ESA 4 Clinical Conditions Flashcards
Spread of infection within fascial planes
Superficial - None (simple cellulitis)
Retropharyngeal space (anterior to alar fascia) - Down to mediastinum (results from URTIs)
Danger space (posterior to alar fascia) - Down to diaphragm (results from URTIs)
Parapharyngeal space - Down to T2/3 (affecting carotid sheath structures,
Prevertebral fascia - Down to T2/3 results from bad dentition/quinsy)
Branchial cysts/fistulae
Arise as a failure of the pharyngeal clefts to recede (1 st one remains and becomes the ear canal). Cysts are fluid filled pockets, whereas fistulae are openings between two epithelia. Both types are visible along the anterior border of SCM within the neck.

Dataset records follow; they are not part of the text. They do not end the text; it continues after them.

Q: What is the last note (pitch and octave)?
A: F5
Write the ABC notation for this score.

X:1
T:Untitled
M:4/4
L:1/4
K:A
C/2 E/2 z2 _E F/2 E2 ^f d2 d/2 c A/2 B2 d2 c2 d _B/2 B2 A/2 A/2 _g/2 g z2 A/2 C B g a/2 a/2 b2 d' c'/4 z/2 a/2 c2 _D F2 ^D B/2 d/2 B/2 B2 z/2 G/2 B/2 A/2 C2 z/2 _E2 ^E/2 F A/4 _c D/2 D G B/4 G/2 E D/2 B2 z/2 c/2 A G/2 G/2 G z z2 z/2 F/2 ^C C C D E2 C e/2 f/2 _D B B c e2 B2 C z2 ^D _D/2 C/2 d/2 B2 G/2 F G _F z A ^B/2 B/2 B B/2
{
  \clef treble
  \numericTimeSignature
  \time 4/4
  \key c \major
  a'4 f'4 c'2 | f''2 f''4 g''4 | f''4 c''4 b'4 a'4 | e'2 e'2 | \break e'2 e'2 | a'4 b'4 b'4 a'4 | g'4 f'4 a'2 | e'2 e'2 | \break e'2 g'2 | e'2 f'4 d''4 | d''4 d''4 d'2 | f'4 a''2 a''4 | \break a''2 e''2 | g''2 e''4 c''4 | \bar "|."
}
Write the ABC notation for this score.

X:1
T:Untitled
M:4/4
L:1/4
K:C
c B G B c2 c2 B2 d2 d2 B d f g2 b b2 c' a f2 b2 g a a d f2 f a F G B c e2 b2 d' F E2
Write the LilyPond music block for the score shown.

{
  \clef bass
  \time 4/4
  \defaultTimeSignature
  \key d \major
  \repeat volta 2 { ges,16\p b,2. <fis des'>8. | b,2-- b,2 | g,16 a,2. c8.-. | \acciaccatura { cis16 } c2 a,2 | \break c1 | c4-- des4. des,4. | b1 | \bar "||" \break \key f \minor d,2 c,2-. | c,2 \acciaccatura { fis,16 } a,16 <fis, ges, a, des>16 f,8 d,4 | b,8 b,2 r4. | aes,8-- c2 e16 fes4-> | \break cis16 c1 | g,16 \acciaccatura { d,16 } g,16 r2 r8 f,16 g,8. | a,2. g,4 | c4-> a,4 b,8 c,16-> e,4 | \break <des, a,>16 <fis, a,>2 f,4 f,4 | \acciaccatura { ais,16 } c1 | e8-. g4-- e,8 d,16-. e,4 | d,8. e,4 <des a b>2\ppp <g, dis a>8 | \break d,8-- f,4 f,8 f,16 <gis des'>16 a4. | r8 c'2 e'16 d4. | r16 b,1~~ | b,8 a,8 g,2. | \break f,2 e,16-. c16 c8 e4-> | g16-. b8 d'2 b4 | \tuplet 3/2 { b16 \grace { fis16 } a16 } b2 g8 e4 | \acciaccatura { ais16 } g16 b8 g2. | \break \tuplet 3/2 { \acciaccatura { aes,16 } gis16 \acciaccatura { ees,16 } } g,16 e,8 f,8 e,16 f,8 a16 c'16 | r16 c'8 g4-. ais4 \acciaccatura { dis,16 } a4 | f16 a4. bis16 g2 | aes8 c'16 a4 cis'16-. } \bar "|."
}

Carotid atheroma formation
Carotid sinus is a bulge that leads to turbulent blood flow, which damages epithelia and kick-starts atheroma formation.
If an atheroma or thrombosis breaks off and travels to the brain it can result in a stroke or TIA.
Carotid sinus hypersensitivity
Carotid sinus is extremely sensitive, so a small touch can be perceived as a huge rise in pressure, sending signals down CN IX (afferent) and CN X (efferent), activating the baroreceptor reflex and causing a drop in blood pressure.
More common in men, manifests as being unable to wear a tie or shave without feeling faint.
Scalp laceration
Blood supply is rich so bleeds profusely. Blood vessels are embedded in dense connective tissue layer so vessels have restricted ability to constrict.
Also, lacerations to the epicranial aponeurosis cause contraction in both directions (occipital and frontal bellies) leading to a wound being held open.
Cavernous sinus thrombosis
Facial veins are valveless so blood can drain both ways i.e. facial veins can drain into the cavernous sinus. An infection that tracks back causes thrombosis within the cavernous sinus which can compress CN III, CN IV, CN VI, CN V 1 or the ICA (this method of infection tracking back can also cause meningitis)
Danger triangle of face
Area bound by the canthuses of the mouth and the bridge of the nose. Infection increasingly likely to track back here vs other areas of the face (see cavernous sinus thrombosis)
Enlarged lymph node(s)
Generally speaking, lymph nodes are enlarged due to either or infection.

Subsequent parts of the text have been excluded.